# Task to carry out
All lines from the one with "Люстра потолочная ESCADA VENUS 10297/3LED BL" through the final line of the records below must be written out exactly, with no other text.

Stored items:
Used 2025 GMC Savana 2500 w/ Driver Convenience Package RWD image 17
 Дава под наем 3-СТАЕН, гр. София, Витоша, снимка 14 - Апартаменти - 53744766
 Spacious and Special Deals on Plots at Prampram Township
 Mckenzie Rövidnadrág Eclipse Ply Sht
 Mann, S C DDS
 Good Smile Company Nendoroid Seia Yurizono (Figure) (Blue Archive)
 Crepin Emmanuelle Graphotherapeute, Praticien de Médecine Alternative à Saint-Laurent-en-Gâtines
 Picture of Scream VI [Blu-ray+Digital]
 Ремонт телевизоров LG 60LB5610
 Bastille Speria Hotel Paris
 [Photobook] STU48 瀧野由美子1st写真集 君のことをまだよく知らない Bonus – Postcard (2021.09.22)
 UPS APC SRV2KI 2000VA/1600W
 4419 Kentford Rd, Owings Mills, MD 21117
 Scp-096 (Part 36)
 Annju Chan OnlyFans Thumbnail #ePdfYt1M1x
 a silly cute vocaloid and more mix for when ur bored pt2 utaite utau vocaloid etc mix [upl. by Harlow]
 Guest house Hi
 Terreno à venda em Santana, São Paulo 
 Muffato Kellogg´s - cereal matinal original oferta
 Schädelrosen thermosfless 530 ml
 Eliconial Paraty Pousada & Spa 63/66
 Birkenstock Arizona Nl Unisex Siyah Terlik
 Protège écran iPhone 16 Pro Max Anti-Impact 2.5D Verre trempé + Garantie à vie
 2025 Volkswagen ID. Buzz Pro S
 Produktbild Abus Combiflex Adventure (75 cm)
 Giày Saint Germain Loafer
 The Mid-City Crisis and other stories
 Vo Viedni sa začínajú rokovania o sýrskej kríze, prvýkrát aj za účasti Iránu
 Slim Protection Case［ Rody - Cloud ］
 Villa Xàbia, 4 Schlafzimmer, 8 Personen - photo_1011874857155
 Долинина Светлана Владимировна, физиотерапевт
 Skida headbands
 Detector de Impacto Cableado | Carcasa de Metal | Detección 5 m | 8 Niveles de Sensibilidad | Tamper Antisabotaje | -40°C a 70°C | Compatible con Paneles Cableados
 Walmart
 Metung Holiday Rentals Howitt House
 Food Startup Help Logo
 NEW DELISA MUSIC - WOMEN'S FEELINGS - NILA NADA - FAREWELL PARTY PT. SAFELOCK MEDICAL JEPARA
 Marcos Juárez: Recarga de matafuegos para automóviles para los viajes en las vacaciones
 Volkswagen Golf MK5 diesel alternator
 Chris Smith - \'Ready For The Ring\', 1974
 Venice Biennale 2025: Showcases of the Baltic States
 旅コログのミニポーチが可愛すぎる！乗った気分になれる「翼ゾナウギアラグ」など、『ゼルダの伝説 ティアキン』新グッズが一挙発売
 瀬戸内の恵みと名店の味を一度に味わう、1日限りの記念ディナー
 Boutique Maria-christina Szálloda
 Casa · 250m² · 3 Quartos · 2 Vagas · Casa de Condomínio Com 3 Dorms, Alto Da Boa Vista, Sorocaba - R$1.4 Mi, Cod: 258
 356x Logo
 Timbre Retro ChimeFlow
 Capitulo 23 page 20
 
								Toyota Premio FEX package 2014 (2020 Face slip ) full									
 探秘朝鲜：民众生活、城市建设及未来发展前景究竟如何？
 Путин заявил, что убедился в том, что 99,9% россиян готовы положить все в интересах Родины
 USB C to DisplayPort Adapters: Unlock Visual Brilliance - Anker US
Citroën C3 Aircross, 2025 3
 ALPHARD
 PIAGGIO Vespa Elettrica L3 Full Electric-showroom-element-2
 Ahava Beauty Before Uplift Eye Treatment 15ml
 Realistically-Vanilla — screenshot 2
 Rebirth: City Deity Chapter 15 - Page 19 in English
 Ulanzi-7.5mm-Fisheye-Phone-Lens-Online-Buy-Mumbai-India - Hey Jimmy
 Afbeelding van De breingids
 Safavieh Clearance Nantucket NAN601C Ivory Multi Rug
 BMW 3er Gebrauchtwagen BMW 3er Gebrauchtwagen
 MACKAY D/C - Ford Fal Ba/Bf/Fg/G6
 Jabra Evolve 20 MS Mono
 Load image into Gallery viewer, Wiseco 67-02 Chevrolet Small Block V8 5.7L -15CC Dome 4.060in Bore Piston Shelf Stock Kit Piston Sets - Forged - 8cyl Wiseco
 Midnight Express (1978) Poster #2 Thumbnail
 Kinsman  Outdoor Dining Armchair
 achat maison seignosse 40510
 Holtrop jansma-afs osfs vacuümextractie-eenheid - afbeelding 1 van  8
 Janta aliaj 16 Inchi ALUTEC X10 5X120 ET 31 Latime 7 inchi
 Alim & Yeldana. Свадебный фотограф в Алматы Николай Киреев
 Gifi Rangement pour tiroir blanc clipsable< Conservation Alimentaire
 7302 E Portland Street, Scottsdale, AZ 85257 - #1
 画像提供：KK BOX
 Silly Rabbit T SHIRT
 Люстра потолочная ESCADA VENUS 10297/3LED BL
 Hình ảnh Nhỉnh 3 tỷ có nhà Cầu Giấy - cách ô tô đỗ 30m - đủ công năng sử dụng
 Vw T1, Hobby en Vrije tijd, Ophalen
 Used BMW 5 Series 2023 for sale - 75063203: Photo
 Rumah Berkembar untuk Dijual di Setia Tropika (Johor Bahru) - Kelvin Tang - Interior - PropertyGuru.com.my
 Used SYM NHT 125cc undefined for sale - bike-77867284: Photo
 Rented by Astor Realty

# Answer for the task
 Люстра потолочная ESCADA VENUS 10297/3LED BL
 Hình ảnh Nhỉnh 3 tỷ có nhà Cầu Giấy - cách ô tô đỗ 30m - đủ công năng sử dụng
 Vw T1, Hobby en Vrije tijd, Ophalen
 Used BMW 5 Series 2023 for sale - 75063203: Photo
 Rumah Berkembar untuk Dijual di Setia Tropika (Johor Bahru) - Kelvin Tang - Interior - PropertyGuru.com.my
 Used SYM NHT 125cc undefined for sale - bike-77867284: Photo
 Rented by Astor Realty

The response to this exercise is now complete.